Alternatively, I had a thought that maybe we should just pass all by default? It's going to load more of the driver, but I don't see that has having a significant downside, and the user could still reduce the scope by setting it manually.

@tfoote Although I'm not so familiar with CUDA specs, I personally specifying all is acceptable considering the usage of rocker. But in that case, we should set all only when it's empty. I mean, for example, compute,utility,all is not valid.
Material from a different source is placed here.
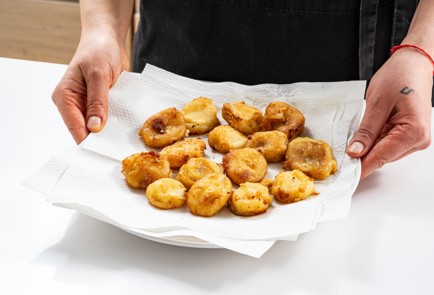 Фото шага рецепта Сладкий кляр для фруктов 188608 шаг 8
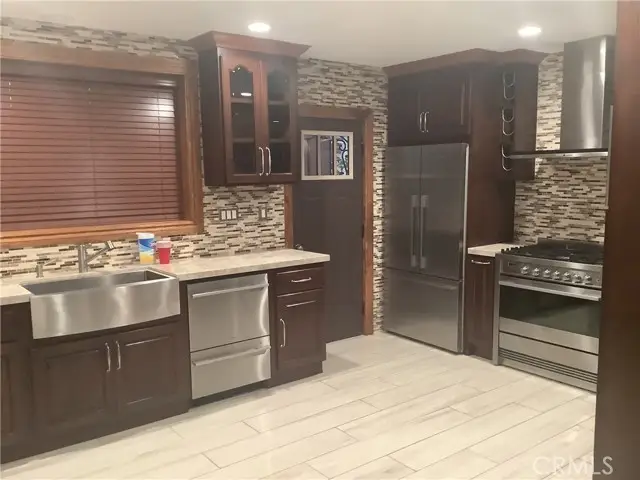 730 W 109th, Los Angeles, CA 90044 - #2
$ docker run --rm -it --gpus all -e NVIDIA_DRIVER_CAPABILITIES=compute,utility,graphics ubuntu:22.04
root@f4f80c3232f8:/# exit

$ docker run --rm -it --gpus all -e NVIDIA_DRIVER_CAPABILITIES=compute,utility,all ubuntu:22.04
docker: Error response from daemon: failed to create shim task: OCI runtime create failed: runc create failed: unable to start container process: error during container init: error running hook #0: error running hook: exit status 1, stdout: , stderr: Auto-detected mode as 'legacy'
unsupported capabilities found in 'compute,utility,all' (allowed 'compute,utility'): unknown.
tfoote commented 2 years ago

Yeah, I think we can then simplify the logic to just set all if it's not previously set. Otherwise it will get whatever is set in the environment.